Just checking in real quick here.....sorrry no personalized posts tonight...will try to do that tomorrow. Know that I am thinking of you all and hope that you all are doing good.

I'm doing pretty good here on my end I've managed to get in my exercise for today and to eat right. I have'nt got all the water I need yet.....but I am only 2 glasses shy of my quota which is'nt bad for me.

Someone asked how I stayed up all night...please forgive me I am in a hurry and don't want to go back and re-read posts.....its not easy....I sleep most of the day before I go into work that night and by 4am I am ready to lay down and sleep. I would prefer daytime hours but then I'd loose $2/hr in pay and I don't want to do that. I know the pay should'nt matter that much but I'm barely keeping the bills paid as it is so taking
a pay cut would not be a good thing for me.

tardyangel 10-19-2004 12:21 AM

I am still here!!!
 
Believe it or not, I do still exist!!!!

The divorce is U-G-L-Y! I feel like I'll be alone forever and my heart is so broke I feel like screaming. I have that nothing satisfies me feeling. I can't sleep, I can't eat, all I do is walk because otherwise I'll scream. You know the knots in the stomach you get before you hear really bad news. I've had that feeling for weeks non-stop.

I went to the doctor today to get weighed in for the first time since 8/04/04 (I was 247 then). I lost 21 more lbs. and now weigh 226. Yay! But...I haven't really exercised in the past 2 1/2 months, which means...how much of this weight loss is stress related...all I'm sure. I know I should be thrilled I lost more weight, it just hurts how I've lost it.

I move into my new apartment on 11/10. The day I move out...my ex's "fiance" (can you believe that one) moves into what I've called home with him for two years. So much for 10 years of marriage...

So I haven't posted in a while, and as you can see by this melancholy post that would be why. I will try to start posting more, but getting my heart to do anything is unbearable. I'm barely functioning.

Hope everyone is well and I miss our convys.
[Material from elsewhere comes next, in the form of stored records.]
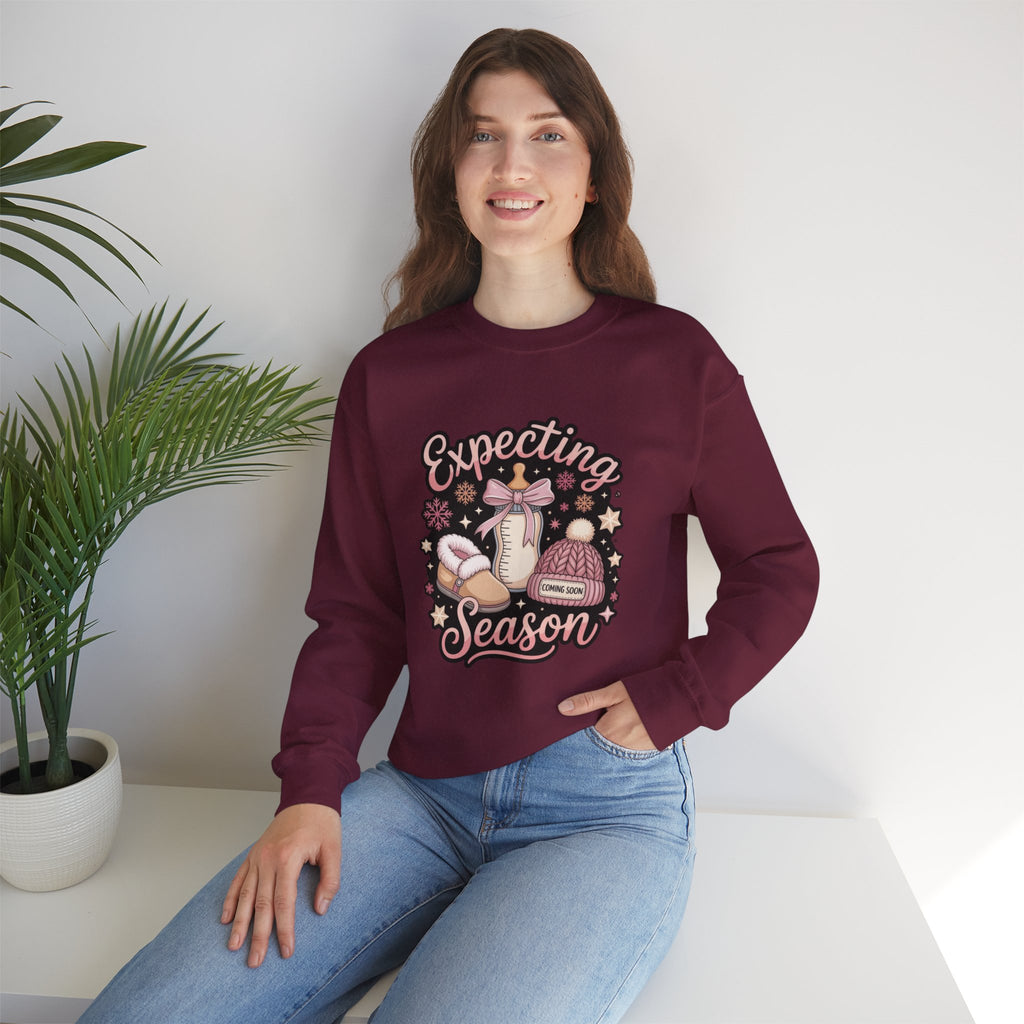 Expecting Season Sweatshirt  Cute Pregnancy Announcement Pullover Cartoon Christmas T-shirts and Sweaters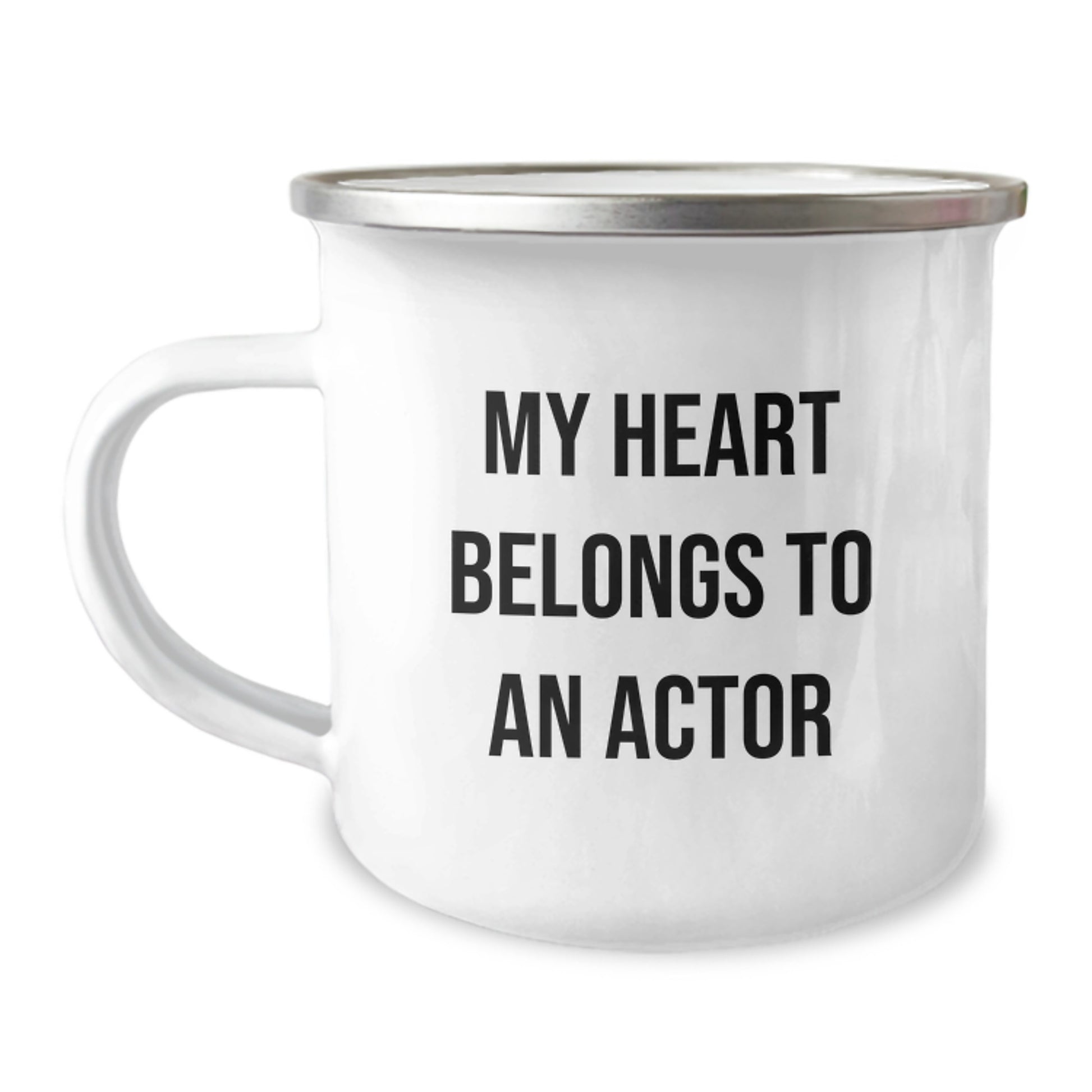 Funny Actor Gifts for Men - My Heart Belongs To An Actor, Christmas Unique Mug, Camping Mug for Friends Family - Image 1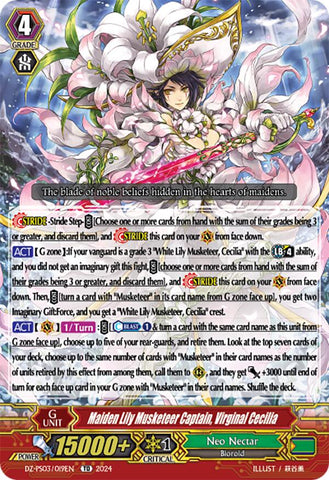 Maiden Lily Musketeer Captain, Virginal Cecilia (DZ-PS03/019EN) [Trial Deck 3: Golden Mechanical Soldier]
MyChoice2bfit 10-19-2004 08:34 AM

TardyAngel : I wish I had the words to say that could ease the hurt in your heart. Just know that after reading your post, you will be at the top of my prayer list. I've been married 16 years and when I think about something like that happening in my relationship, I feel physically ill. We did go through a tough time in our marriage when we had been married 5 years and we almost divorced. I remember that time all too well. It was the first time in my life that I couldn't eat. I remember being surpised that I couldn't. I had always ate when I was stressed, but not that time. I felt so hollow. I couldn't focus on anything and I was so sad.
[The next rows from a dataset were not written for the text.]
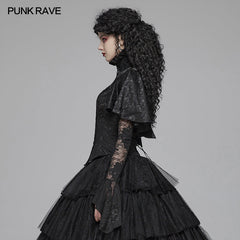 WY-1056 Gothic High Collar Long Sleeve Shawl Lace Shirt?-??Punk Rave Clothing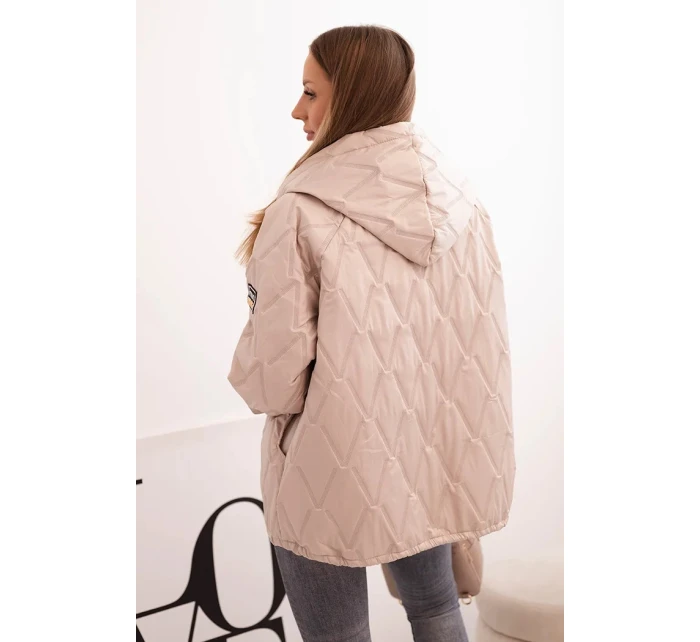 Dámská prošívaná bunda s kapucí tmavě béžová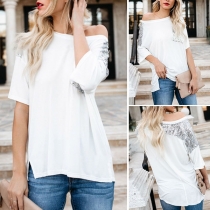 Sexy Oblique Shoulder Sequin Spliced Short Sleeve T-shirt 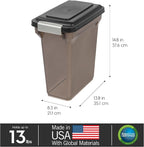 IRIS USA Dog Food Storage Container, Up to 13 lbs, Smoke, Made in USA | BPA-Free, Airtight Seal, Best for Cat Food, Bird Seed, Chicken Feed, Pet Toys, Treats, Pellets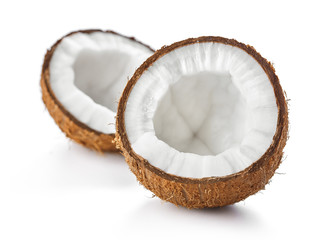 Poster - two halves of ripe coconut isolated on white background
Does your doctor know what you are going through? The reason I ask is because during that time mine gave me an antidepressent. It help me get back to myself. It didn't mask the pain, but it help me deal with it.

Even though my marriage didn't end, the situation really scared us. I'm a different person because of what we went through, but I like the person it made me into. Before that, I always did things to please my husband, and I totally forgot about me and what I wanted. I don't do that anymore. I also learned to not let my obession with him and what he was doing to me be the navigator of my feeling and actions. I truly learned to stand as my own person.
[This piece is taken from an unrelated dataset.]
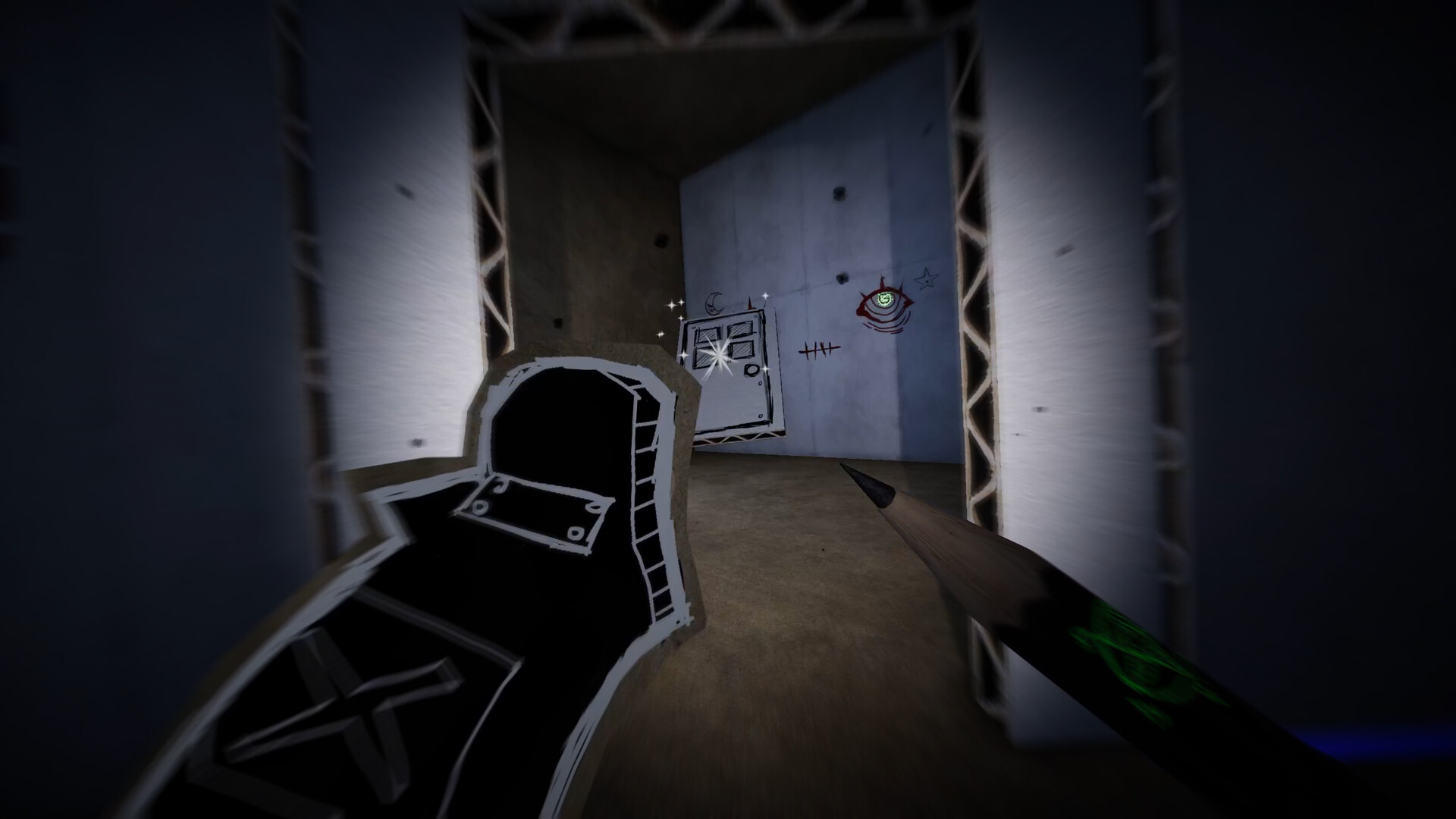 Official PAPERHEAD screenshot showing a pencil and weapon-driven encounter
Here's a big (((((Hug))) for you. Feel free to come and post anytime, or PM me. I can't do much but over an ear to listen and a shoulder to lean on.

:grouphug:

Jodi: You did awesome in avoiding that sugar craving! Thanks for the idea of the journal sheets. I might make up a few of my own to carry with me. I could punch holes in the and then put them in a notebook later. That's what I've been doing with my posts here. They serve as a "diary" of sorts for me.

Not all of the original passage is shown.